1. Its all lip service

    April 15, 2017 at 8:35 am

    I would like to know what the fallout of self reporting is! A doctor I worked with on a transient basis told me that he had been strongly encouraged to self report an episode of depression for which he was allowed time off work during internship by his hospital. He self reported this episode, and felt that this was what had ruined his medical career- 6 years later he was still having to prove his fitness to work to AHPRA and was a significant impediment to any offer of a training job.

    • John Sammut

      April 27, 2017 at 10:15 am

      Thanks for the comment.

      The diagnosis of a mental illness or any other form of impairment in and of itself does not require mandatory reporting, but rather the combination of an impairment coupled with a belief this impairment placed the public at risk of substantial harm in the practitioner’s practice of the profession. It is a very common myth circulating at the moment that practitioner’s should be wary of seeing someone for their impairment: eg: OCD, high anxiety, depression because the mere fact they are seeking help for their impairment constitutes mandatory reporting: It’s important to remember – it does not.

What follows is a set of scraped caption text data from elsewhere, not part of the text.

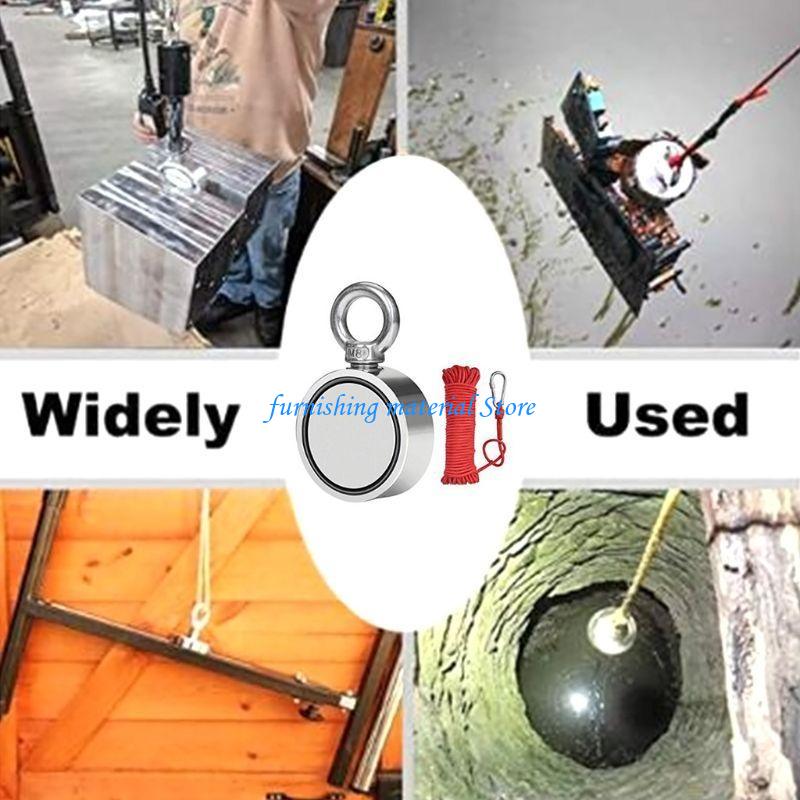 Y5GD 120 kg Dobbeltsidige Magneter Sterke Neodym Permanent Fiskemagneter + 20m Tau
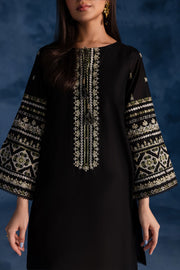 Black Block 2Pc - Embroidered Khaddar Dress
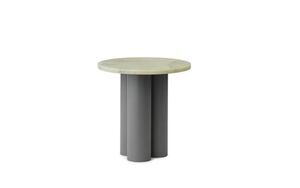 Rundt bord med grønlig "Emerald Onyx" bordplade og cylindrisk grå base.
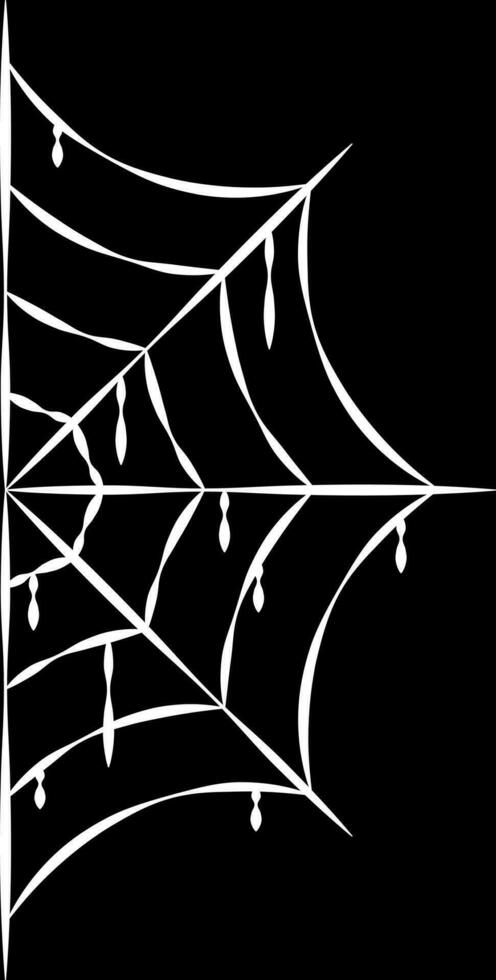 Side spider web halloween vector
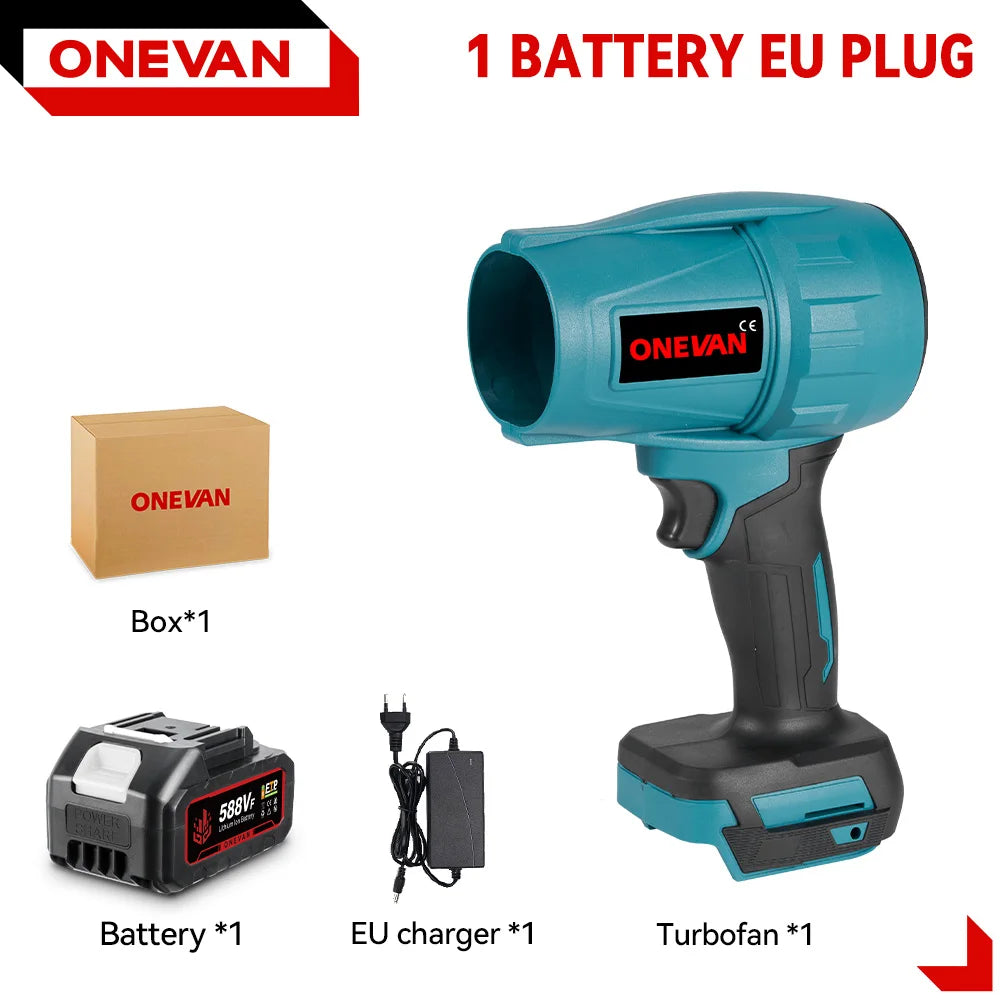 ONEVAN Souffleur Électrique Brushless 2000W - Turbo Jet 200M/S, Séchage Voiture & Soufflage Poussière, Compatible Batterie Makita 18V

      If there was a requirement to prove fitness for work when changing jobs, it would be on the basis of an ongoing impairment for which notification was required and on the basis of which, conditions would have been placed upon a practitioner’s
      registration/work. These conditions are reviewed regularly and lifted when the impairment allows for such a change without placing the public at risk.

  2. Vicky Dawes

    April 16, 2017 at 11:57 pm

    This is true but it is worth highlighting that medics seeking help for mental health issues may find it negatively impacts their ability to get insurance cover. https://www.beyondblue.org.au/about-us/about-our-work/discrimination-in-insurance

  3. Jill Orford

    July 14, 2017 at 7:52 am

    Mental health is serious, we shouldn’t ignore it. “It’s okay to tell your doctor that you are not okay.”